The core philosophy: instead of adding parameters to combat small datasets, force a small model to think harder. A weight-tied attention cell iterated T times costs zero additional parameters while achieving the computational depth of a T-layer network — multiplying gradient signal density by T without adding training data.
TRIADS has been validated across six Matbench benchmarks through a combined 300+ model ablation study. It achieves state-of-the-art or near-SOTA results on all six tasks, with parameter counts 2–50× smaller than competing neural network methods.

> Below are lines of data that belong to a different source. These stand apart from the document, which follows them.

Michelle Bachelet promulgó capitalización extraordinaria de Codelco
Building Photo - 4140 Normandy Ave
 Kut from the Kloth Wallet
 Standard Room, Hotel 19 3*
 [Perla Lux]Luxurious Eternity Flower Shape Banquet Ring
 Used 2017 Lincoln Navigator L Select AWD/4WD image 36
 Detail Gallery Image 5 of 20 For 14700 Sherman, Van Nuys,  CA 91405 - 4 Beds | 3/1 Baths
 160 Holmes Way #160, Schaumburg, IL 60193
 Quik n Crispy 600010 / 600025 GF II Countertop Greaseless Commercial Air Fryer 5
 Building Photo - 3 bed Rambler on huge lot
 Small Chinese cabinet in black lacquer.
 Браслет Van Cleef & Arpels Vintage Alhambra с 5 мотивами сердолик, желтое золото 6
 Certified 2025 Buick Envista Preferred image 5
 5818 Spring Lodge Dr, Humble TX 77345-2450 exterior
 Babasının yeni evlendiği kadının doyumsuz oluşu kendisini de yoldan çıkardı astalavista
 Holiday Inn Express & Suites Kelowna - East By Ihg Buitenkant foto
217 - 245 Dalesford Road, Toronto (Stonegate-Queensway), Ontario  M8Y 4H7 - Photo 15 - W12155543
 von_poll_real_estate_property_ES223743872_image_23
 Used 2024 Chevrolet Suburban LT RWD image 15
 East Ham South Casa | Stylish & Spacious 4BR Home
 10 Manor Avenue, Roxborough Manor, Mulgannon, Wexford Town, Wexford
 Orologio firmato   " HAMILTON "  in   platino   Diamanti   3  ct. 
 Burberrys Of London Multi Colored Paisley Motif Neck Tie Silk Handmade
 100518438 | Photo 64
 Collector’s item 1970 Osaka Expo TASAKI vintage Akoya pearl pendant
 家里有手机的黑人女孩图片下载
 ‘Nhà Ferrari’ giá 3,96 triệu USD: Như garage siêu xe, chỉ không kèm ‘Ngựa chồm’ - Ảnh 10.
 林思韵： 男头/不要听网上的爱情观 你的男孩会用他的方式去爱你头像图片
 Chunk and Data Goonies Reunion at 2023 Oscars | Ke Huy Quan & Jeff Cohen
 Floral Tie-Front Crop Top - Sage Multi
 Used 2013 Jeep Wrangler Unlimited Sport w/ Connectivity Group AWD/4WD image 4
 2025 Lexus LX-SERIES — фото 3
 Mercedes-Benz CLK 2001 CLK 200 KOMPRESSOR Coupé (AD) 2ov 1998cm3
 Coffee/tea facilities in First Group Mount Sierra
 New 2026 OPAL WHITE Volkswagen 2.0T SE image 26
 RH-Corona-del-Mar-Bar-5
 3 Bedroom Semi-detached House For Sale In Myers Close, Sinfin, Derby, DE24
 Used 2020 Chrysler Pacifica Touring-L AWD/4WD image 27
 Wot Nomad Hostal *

| Task | Target Property | N | TRIADS Result | Params | Method |
|---|---|---|---|---|---|
matbench_steels |
Yield strength | 312 | 91.20 ± 12.23 MPa | 225K | HybridTRIADS V13A |
matbench_expt_gap |
Band gap (eV) | 4,604 | 0.3068 ± 0.0082 eV | 100K | HybridTRIADS V3 |
matbench_expt_ismetal |
Metal/Non-metal | 4,921 | 0.9655 ± 0.0029 ROC-AUC | 100K | HybridTRIADS |
matbench_glass |
Glass forming | 5,680 | 0.9285 ± 0.0063 ROC-AUC | 44K | HybridTRIADS |
matbench_jdft2d |
Exfol. energy | 636 | 35.89 ± 12.40 meV/atom | 75K | HybridTRIADS V4 |
matbench_phonons |
Peak phonon freq. | 1,265 | 41.91 ± 4.04 cm⁻¹ | 247K | GraphTRIADS V6 |
All results follow the exact Matbench 5-fold nested cross-validation protocol (KFold(n_splits=5, shuffle=True, random_state=18012019)), using only training fold data for featurizer fitting and target normalization — no test data leakage at any stage.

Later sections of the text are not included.